From the Albies to the Wizards, some of Welsh sport’s oldest nicknames explained
The Albies, the Ducks, the Wizards, the Black Army, the Old Gold, the Otters and the Silkmen.
These are just a few of the hundreds of nicknames attached to Welsh rugby and football clubs which tell a cultural, historical and sometimes bizarre story.
Now, Carmarthen-born author Richard Huws of Bont-goch, Ceredigion, has written a book looking into around 250 club monikers.
Mr Huws, who worked for almost 40 years at the National Library of Wales, retiring in 2008, said: “Nicknames have been part of football and rugby culture from Victorian times, but no-one has yet attempted a proper study of them.”
Swansea City fan Mr Huws added: “They are sometimes just associated with a club colour but they often tell fascinating stories.”
One of his personal favourites is the Ducks, the nickname of Rhondda rugby outfit Wattstown RFC.
Mr Huws said: “Wattstown became known as the Ducks, I was informed by one of the club officials, after a match against a local rival got a bit out of hand some years ago.
“Fighting broke out on the pitch apparently and as the ground was near a river the punch-up even carried on in the water.
“After the fight was over, one local wag said ‘the Wattstown boys took to the water like ducks’ and the name stuck.”
Evans & Williams FC of the Carmarthenshire League originated in the late 1950s after some of the workers from the local Evans & Williams Wagon Works decided to form a football team.
They were supported by owner Albie Evans, hence the clubnickname The Albies.
The origin of Cardiff City’s nickname, The Bluebirds, is not as simple as some may think, said Mr Huws.
He said: “A lot of people believe it’s to do with the club having played in blue for many years.
“But there is a connection with a classic children’s play, The Blue Bird, written by the Belgian playwright Maurice Maeterlinck in 1909. “
In the play, the bird, a symbol of happiness, is pursued by children who want to imprison it in a cage and the play’s theme urges people “not to try to hoard happiness for themselves”.
Mr Huws said: “This play had come to the New Theatre in Cardiff in 1911.
“It received good reviews during its six-night run and a week after the production had left town, Maeterlinck was awarded the Nobel Prize for Literature for his symbolist plays including The Blue Bird.”
Fans are said to have started calling the Cardiff players, resplendent in blue, the Bluebirds and the nickname was born.

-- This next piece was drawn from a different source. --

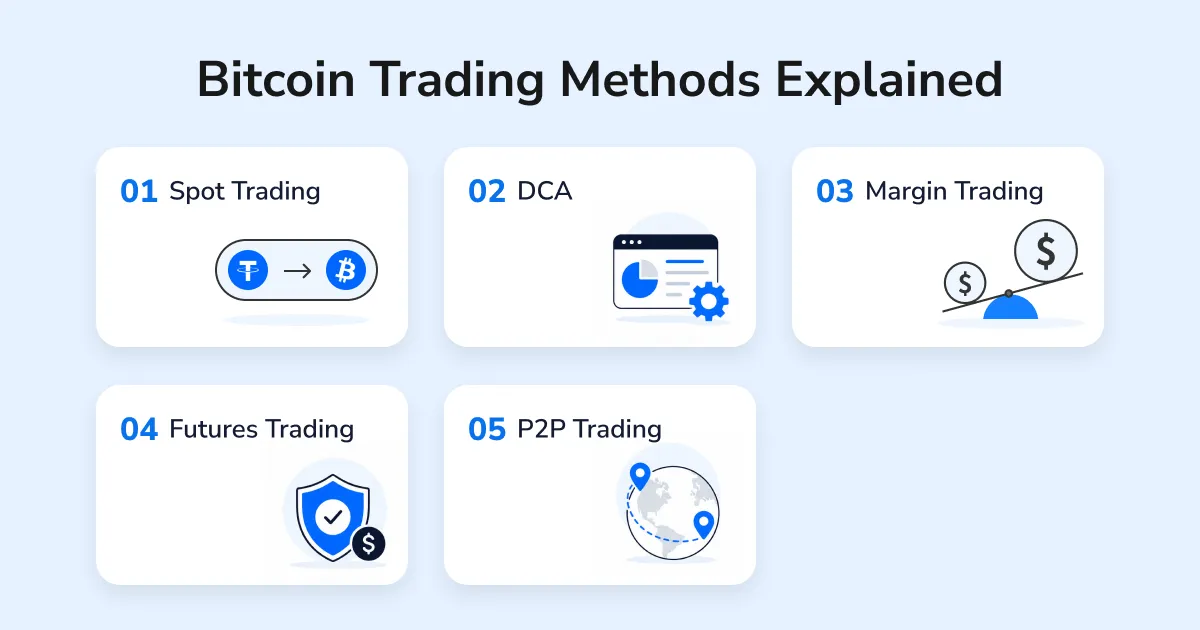 Bitcoin Trading Methods: Spot Trading, DCA, Margin Trading, Futures Trading, P2P Trading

Llantrisant RFC’s “Black Army” nickname goes back to 1346, when the Lord of Glamorgan formed a legion of Welsh warriors to assist Edward III in the French War.
In Llantrisant, an army of strong-armed archers was raised from the local community.
They sailed to France to fight for the King’s son, Edward, Prince of Wales – The Black Prince.
During the Battle of Crecy, the Llantrisant archers reportedly displayed so much skill and bravery they became known as “The Black Army of Llantrisant”.
Flint Town Utd became the silkmen after three textile factories were established in the North Wales town, while Narberth RFC’s Otters name comes from a local lady who helped establish the club being married to the master of the local otter hunt.
“Carmarthen Town FC, my hometown club, became the Old Gold as one of the men who set up the club was a big fan of Wolverhampton Wanderers who played in an old gold strip,” said Mr Huws.
But the origins of “Swansea Jacks” are more uncertain, he says.
He said: “It is widely thought the very brave dog named Swansea Jack who rescued people from drowning inSwansea Docks in the 1930s was behind the name.
“But in my research I first came across the term Swansea Jack in 1847. It was an alias used by a man from Swansea accused of murdering a man from Cardiff.
“There was also use of the term Swansea Jack a little bit later because copper miners apparently used something called a Jack Tin in which to old their lunch.
“Other miners apparently would call these men Swansea Jacks.
“However, Swansea Jack the dog certainly gave a lot of publicity to the name and could well have been involved in its eventual use as a nickname for men from Swansea.”
Aberavon RFC’s well-known Wizards name reportedly dates back to the 1920s, when a local sports writer called them “the Wizards of the West” as their team, with the likes of Johnny Ring and Bob Randall, was so good.